All that is undeniable, but associated with these great lies is the confusion in our view of the law. In the Bible there is what we might call ‘primary moral law’ which consists of the commandments which forbid idolatry, murder, sexual immorality, stealing, and other sins (the Ten Commandments, for example). Then there is what we might call ‘secondary law’ where, for example, God forbids partiality, or what in some circumstances we might call ‘discrimination’. In the Old Testament, God declared to Israel: ‘You shall do no injustice in court. You shall not be partial to the poor or defer to the great, but in righteousness shall you judge your neighbour’ (Lev.19:15). Furthermore, ‘Cursed be anyone who perverts the justice due to the sojourner, the fatherless, and the widow. And all the people shall say, “Amen”‘ (Deuteronomy 27:19; see too Deut. 10:17).
The New Testament repeats the command to show no partiality (James 2:9), for God himself shows no partiality (Acts 10:34; Romans 2:11; 1 Peter 1:17). This would mean, for example, that it would be decidedly unchristian for a professedly Christian shop-keeper to refuse to serve a Muslim on the grounds that he is a Muslim. It might seem as though the ‘no partiality’ approach of the Bible is rather similar to the ‘no discrimination’ approach in modern law, but this is not so.
In the biblical approach, secondary law feeds off primary moral law. To give one obvious example, the Bible forbids homosexual acts as unnatural offences against primary moral law. Therefore, the prohibition against showing partiality cannot be interpreted in a way that protects sexual immorality. Toleration within biblical boundaries is laudable (Rom.14:1, 10; 15:1); outside those boundaries it to be rejected (2 Cor.11:4; Rev.2:20). What happens in modern law – and in the popular perception of it – is that secondary law becomes primary, even absolutist. To discriminate against someone becomes an offence against the first and great – and even only! – commandment. At the same time the primary moral law of the Bible drops out, and in cases of sexual ethics, runs the risk of being criminalised.

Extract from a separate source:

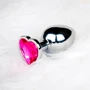 Металлическая анальная пробка Ouch! Heart Gem Silver - Rubellite Pink, М: Особенности С кристаллами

One result is what has been called the ‘Boo-Hurrah’ theory of ethics. If I am offended by what you say, then I am a victim and should be protected by law; if I like a certain lifestyle, then it is my protected ‘truth’ and nobody can challenge me. Primary moral is perceived, then, as unloving and even dangerous. As C. S. Lewis saw: ‘We make men without chests and we expect of them virtue and enterprise. We laugh at honour and are shocked to find traitors in our midst. We castrate and bid the geldings be fruitful.’
Australian governments have all passed Anti-Discrimination Acts which have allowed exemptions for churches, Christian schools and other religious organisations regarding sexuality. Logically, that will not last, and it is now obviously crumbling before our eyes. This is wonderful news for the unelected lawyers and judges who sit on anti-discrimination boards. As Charles Dickens commented in Bleak House: ‘The one great principle of the English law is, to make business for itself.’ The less Christian a society is, the more litigious it will be.
Some evangelicals have spoken of ‘building bridges with LGBTI people’ and that ‘sometimes brothers and sisters disagree on the way forward’. We need to be as loving as we can manage, but there will be no rewards for naivety. Charles Colson recalled his time in the White House during the Nixon administration when visitors and lobbyists would meet him. Also, ‘none were more compliant than the religious leaders.’ The whole framework which governs modern law is wrong, and too many Christians are trying, unsuccessfully in the long run, to argue that exemptions to a good law are good. That does not make sense. What is wrong is the modern view that ‘no discrimination’ makes for good law without clear, objective, God-given boundaries.